Exercise requirements —
Copy out exactly the lines beginning with the one that contains "Foto Appartamento a" and ending at the last line of the listing, skipping any pictures.

Data shown —

▼

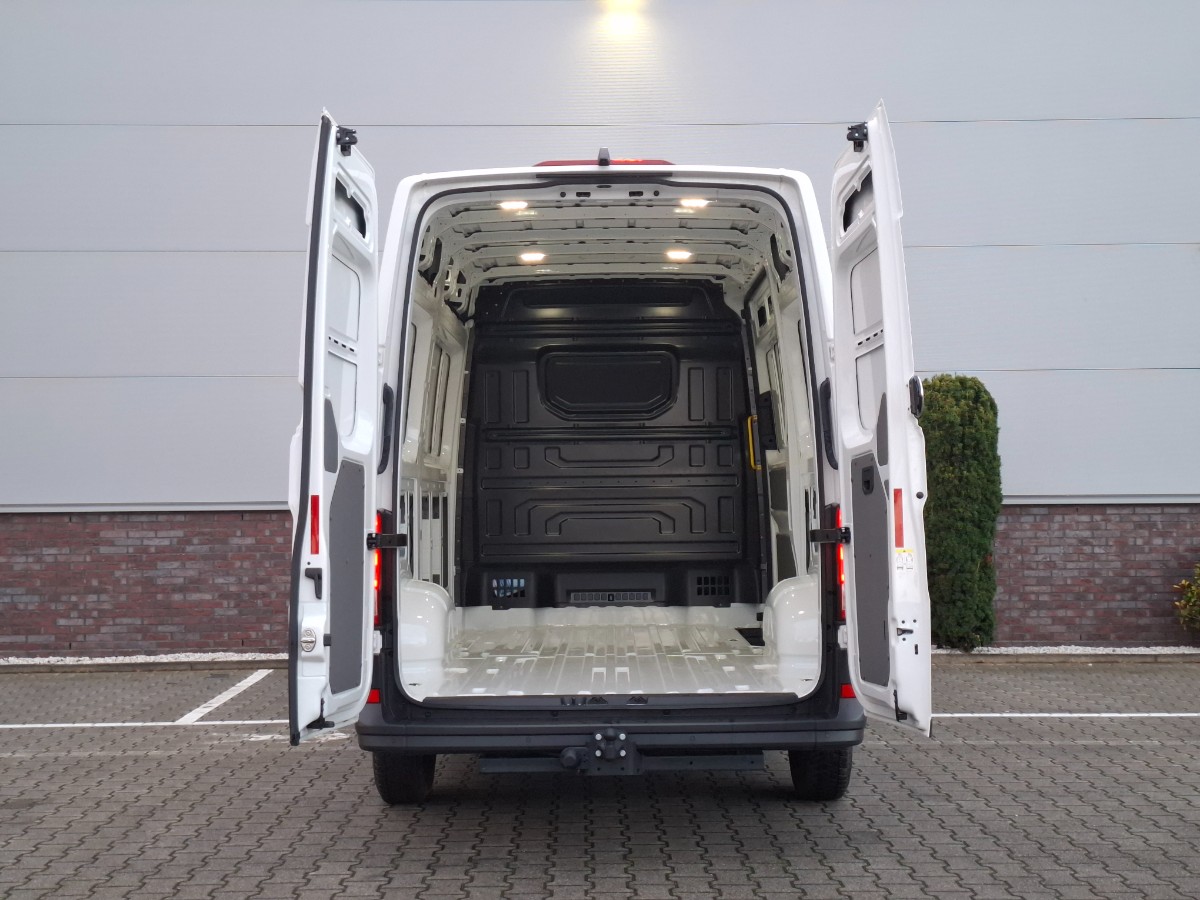 Volkswagen Crafter 30 2.0 TDI L3H3 Highline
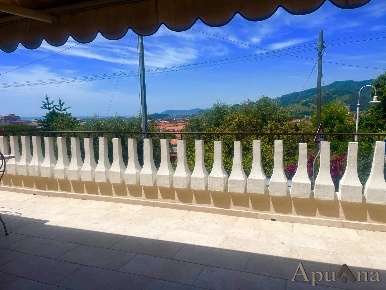 Foto Appartamento a Massa di 140 m² con 4 locali in vendita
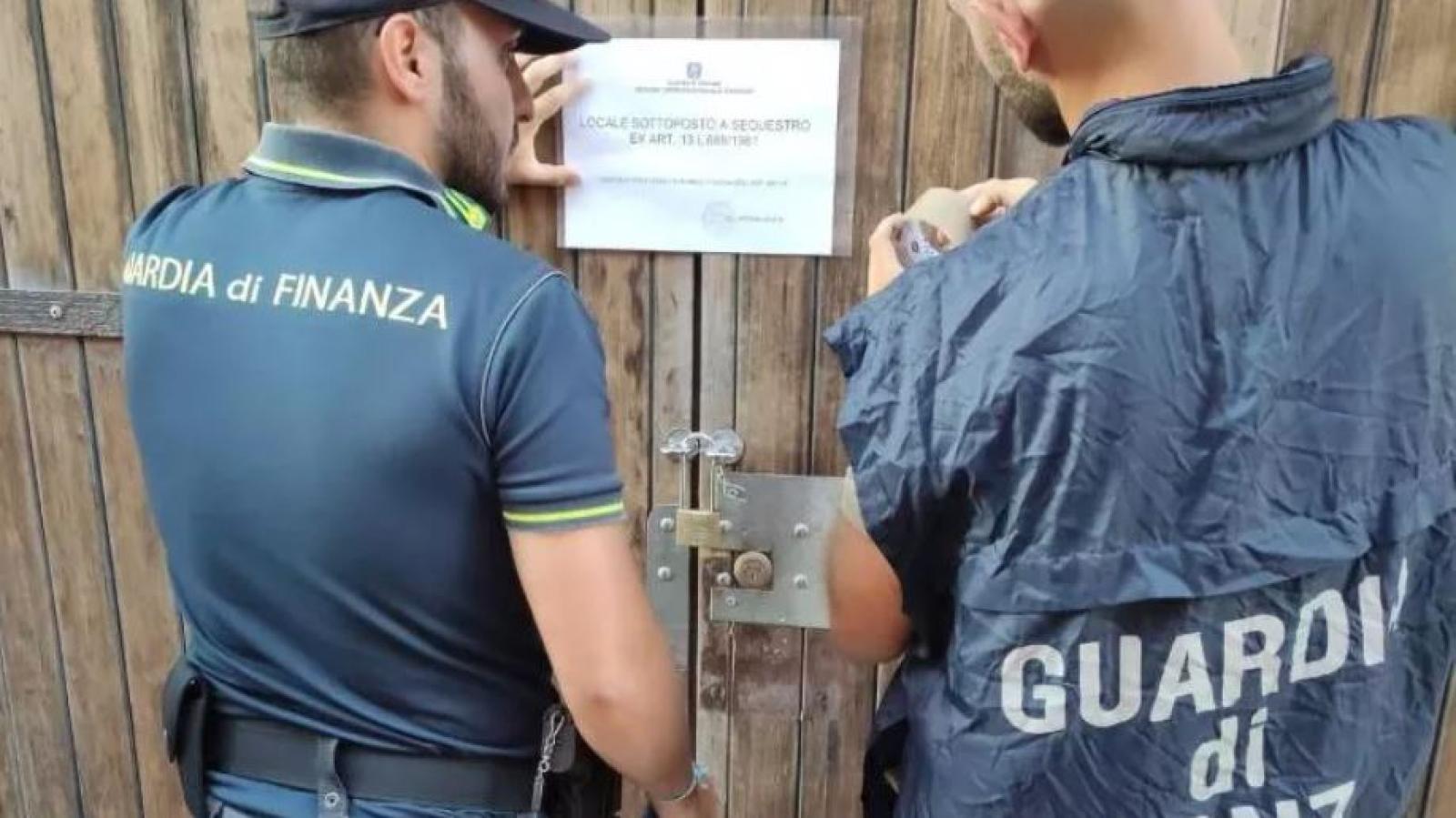Maxi sequestro al centro di lavorazione vongole abusivo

▲

Task answer —
 Foto Appartamento a Massa di 140 m² con 4 locali in vendita
Maxi sequestro al centro di lavorazione vongole abusivo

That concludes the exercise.